Orleans is an open source actor framework built by Microsoft research, and was used for halo cloud functionality! What is an actor framework? Another popular .net actor framework is AKKA.net, though I’ve not worked with it — and barely Orleans for that matter. Anyway…
From Wikipedia:
The actor model in computer science is a mathematical model of concurrent computation that treats “actors” as the universal primitives of concurrent computation. In response to a message that it receives, an actor can: make local decisions, create more actors, send more messages, and determine how to respond to the next message received.
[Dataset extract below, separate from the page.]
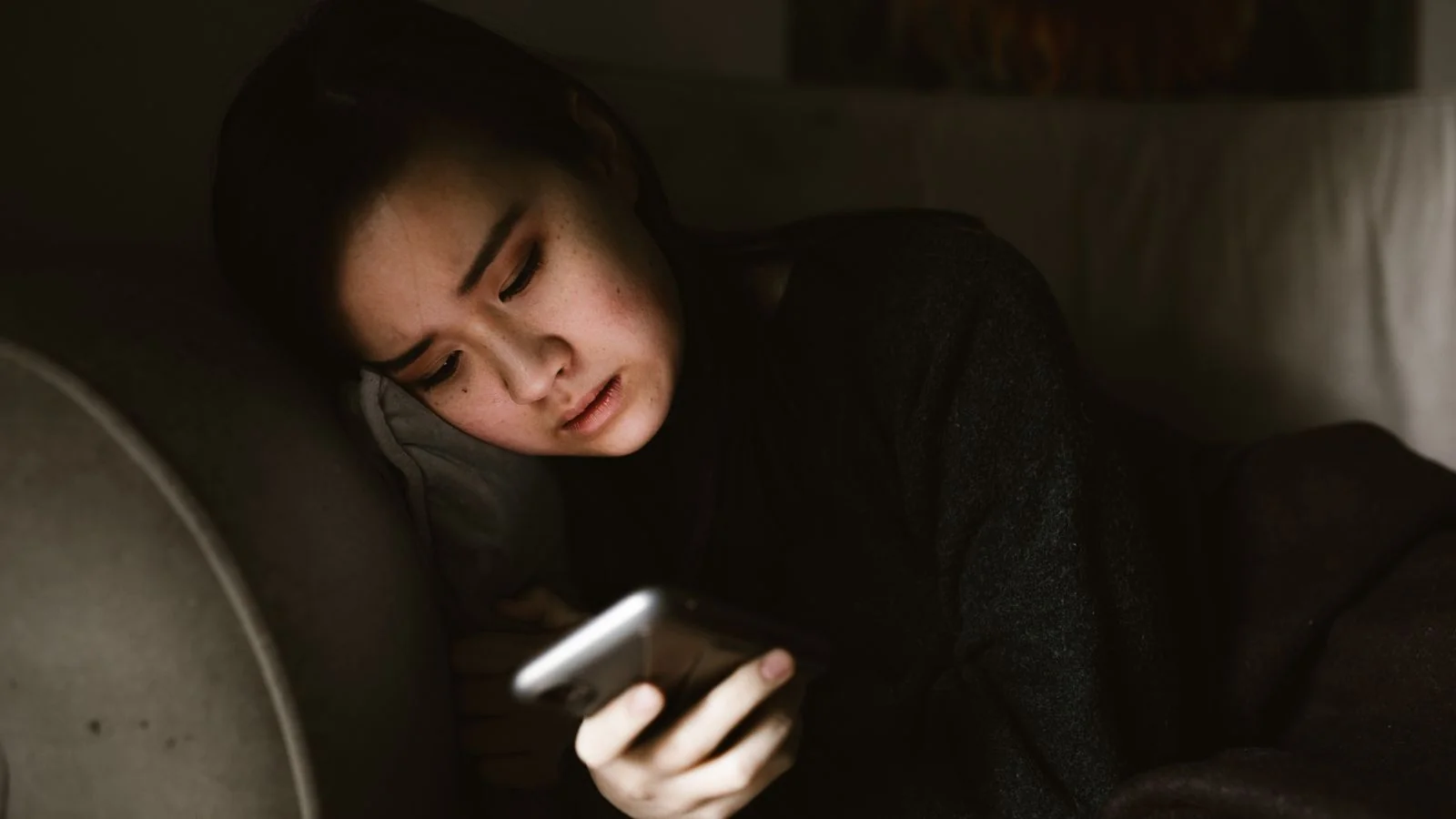 A person lying on a couch at night looking at a smartphone screen.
Actors may modify their own private state, but can only affect each other through messages (avoiding the need for any locks).
Why should I care about Orleans, or actor model frameworks in general?
In a monolithic system, you can more or less only scale “up”. With systems built using microservices, actors, etc, you have the option of scaling “out”. What does scaling “up” vs “out” mean? To scale a system up, means adding more RAM, more CPU — more resources, to the hardware in which your system runs; but you are still constrained to a single “box”. To scale “out” means you can just add a brand new machine, generally to a “cluster” of some sort, that allows your system to much more easily add additional resources. Sure, you can always add more RAM/CPU to your existing machines in a microservices system, but you also have the option to have more machines! Options are always nice!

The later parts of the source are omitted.